Warning: the following is perfect nonsense and does not actually mean anything, so don’t bother asking me for clarification. Yes, it’s unintelligible, and yes, it’s so abstract as to be meaningless. That’s the point. I’m just saying a bunch of weird stuff to sound smart.
Anyway, this is my philosophy on aesthetics:
There exist “perennialisms” that recur in art. These perennialisms are rooted in human nature and express the transcendent dimension of experience. The expression takes the form of a reminder that alerts us to something that has always been present to us. One is naturally suited to art to the extent that one intuits perennialisms without the need for reminders.
We spend most of our time in an absorbed coping with the world that is unreflective. This is a practical perspective in which we mostly live and work. I call this “everydayness.” Any psychological event that causes a subject to exit everydayness I call an “existential rupture.”
The transcendent dimension of experience is always already there. We do not apprehend it by careful analysis, as if digging up some esoteric object previously hidden from view. Rather, we apprehend it by noticing what is always present in front of our eyes. That which is noticed is transparent precisely because it is always already there wherever we look. I call this act of noticing “noesis.” Accordingly, we can only notice it when we are not absorbed in everydayness. It follows that an existential rupture is necessary to achieve noesis.
Because perennialisms express the transcendent dimension of experience, they are self-obscuring. That is to say, perennialisms have a natural tendency to become obscured and retreat from awareness. Perennialisms expressed in the art of a culture foreign to our own will either read as merely strange and exotic, or will simply pass without notice. Perennialisms expressed in our own culture will read as cliches. A perennialism is cliched when it becomes transparent.

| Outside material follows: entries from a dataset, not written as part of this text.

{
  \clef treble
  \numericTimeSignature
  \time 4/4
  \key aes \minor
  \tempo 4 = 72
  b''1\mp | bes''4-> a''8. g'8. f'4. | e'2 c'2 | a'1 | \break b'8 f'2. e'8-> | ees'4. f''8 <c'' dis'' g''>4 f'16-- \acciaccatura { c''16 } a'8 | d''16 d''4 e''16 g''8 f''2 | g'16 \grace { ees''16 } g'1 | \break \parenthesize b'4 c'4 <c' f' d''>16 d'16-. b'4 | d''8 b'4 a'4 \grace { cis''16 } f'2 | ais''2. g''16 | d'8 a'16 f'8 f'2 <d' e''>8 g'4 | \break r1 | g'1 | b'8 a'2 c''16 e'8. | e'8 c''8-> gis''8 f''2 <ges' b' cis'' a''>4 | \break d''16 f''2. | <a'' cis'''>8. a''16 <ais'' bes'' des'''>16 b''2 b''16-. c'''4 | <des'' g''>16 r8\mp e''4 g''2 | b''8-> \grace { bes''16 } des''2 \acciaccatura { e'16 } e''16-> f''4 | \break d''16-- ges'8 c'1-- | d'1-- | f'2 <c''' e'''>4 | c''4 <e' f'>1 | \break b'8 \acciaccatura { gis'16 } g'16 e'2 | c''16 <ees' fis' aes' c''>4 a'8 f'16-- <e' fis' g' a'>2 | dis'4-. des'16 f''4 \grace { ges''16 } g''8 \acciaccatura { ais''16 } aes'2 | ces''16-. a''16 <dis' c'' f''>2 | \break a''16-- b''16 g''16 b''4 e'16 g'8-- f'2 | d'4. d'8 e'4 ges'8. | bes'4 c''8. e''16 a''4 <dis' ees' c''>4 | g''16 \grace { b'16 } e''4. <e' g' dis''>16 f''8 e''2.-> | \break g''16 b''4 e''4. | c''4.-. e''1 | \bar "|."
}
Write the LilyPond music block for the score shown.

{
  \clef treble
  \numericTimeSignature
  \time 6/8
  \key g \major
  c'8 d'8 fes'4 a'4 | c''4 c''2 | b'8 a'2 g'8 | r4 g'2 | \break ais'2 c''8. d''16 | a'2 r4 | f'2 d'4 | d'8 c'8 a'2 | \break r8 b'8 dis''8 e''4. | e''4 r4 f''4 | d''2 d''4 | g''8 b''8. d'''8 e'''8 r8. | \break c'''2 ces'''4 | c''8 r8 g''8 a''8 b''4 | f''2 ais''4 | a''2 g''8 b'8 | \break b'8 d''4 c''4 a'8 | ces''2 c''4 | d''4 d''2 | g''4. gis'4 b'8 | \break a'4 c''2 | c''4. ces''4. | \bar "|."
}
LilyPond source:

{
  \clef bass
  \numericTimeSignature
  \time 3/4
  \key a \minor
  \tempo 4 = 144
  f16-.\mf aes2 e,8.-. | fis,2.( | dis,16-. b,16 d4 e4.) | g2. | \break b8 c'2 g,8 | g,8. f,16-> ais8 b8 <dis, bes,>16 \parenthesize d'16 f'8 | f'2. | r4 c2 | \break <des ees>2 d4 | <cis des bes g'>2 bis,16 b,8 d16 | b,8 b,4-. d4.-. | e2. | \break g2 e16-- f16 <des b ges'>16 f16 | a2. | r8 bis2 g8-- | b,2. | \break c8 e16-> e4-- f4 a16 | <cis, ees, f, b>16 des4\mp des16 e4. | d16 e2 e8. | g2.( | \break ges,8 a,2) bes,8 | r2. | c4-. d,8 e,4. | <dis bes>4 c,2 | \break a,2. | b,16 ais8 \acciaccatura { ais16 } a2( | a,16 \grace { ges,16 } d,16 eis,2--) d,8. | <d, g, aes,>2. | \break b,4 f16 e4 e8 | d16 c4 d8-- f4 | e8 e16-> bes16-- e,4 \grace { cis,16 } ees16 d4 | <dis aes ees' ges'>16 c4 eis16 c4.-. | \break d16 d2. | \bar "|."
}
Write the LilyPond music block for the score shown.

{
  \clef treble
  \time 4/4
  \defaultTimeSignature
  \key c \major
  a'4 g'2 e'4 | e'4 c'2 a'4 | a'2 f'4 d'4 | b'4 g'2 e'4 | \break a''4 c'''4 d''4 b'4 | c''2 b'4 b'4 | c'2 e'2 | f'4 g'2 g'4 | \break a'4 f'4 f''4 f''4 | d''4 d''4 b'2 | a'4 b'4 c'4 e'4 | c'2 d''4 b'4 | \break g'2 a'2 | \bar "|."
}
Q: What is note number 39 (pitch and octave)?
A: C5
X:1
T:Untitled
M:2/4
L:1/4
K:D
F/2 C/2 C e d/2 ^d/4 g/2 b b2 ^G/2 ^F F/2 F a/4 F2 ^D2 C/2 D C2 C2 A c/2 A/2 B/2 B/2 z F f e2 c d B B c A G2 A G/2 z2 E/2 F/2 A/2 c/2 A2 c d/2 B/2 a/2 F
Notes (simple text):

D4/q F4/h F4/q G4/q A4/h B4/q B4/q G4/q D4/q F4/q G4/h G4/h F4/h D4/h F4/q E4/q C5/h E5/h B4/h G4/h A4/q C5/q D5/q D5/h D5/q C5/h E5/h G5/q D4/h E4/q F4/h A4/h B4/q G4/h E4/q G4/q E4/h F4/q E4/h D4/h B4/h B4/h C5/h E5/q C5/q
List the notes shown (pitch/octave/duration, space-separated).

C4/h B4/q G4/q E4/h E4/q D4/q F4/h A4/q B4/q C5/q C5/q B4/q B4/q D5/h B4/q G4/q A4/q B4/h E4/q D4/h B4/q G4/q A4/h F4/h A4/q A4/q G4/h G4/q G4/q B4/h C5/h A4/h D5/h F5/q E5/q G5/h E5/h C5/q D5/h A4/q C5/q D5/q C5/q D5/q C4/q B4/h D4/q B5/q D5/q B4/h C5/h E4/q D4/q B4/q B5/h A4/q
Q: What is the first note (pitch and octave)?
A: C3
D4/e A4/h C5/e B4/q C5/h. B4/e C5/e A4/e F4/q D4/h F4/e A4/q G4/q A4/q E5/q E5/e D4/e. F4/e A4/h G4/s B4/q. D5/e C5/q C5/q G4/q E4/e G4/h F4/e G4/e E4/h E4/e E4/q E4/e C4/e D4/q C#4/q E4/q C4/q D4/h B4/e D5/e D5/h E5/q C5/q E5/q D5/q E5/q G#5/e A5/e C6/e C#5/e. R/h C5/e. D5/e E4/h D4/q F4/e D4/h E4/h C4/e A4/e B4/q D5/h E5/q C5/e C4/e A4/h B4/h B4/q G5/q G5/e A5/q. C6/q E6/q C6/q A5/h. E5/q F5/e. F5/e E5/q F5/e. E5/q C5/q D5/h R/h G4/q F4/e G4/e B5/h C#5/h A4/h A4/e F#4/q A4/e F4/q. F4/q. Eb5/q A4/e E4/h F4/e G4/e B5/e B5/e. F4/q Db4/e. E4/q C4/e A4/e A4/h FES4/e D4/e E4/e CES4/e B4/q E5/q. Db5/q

Because perennialisms are self-obscuring, the task of the artist is to cause an existential rupture so that the subject can achieve noesis. This task is never done because any set of reminders that the artist creates will quickly self-obscure and ossify into a cliche, becoming transparent.
Originality is relative to the subject; an artwork is original to a subject if the subject experiences an existential rupture from interacting with it. Originality is a quality of the set of reminders assembled by the artist and is not an end in itself. Rather, it is a means of inducing existential rupture. This is the flaw in many of the artistic movements beginning in the 20th century: taking originality as an end in itself, rather than a means to existential rupture.
Art is authentic when it is ultimately rooted in firsthand experience. Authenticity creates originality when it springs from a novel experience. An experience can derive novelty either from the uncommonness of the circumstances or from the uncommonness of the artist who has the experience.
From the seven propositions just given, it is evident that there are two steps to the artistic process: apprehension and communication. The artist begins by having a novel experience and intuiting the underlying perennialism of that experience. If the artist is capable of being authentic, this experience forms the ground of an original artwork. The originality of the artwork induces an existential rupture, shocking the subject out of everydayness. Upon being so shocked, the subject can see beneath the surface of the art and apprehend the underlying perennialism. This constitutes noesis.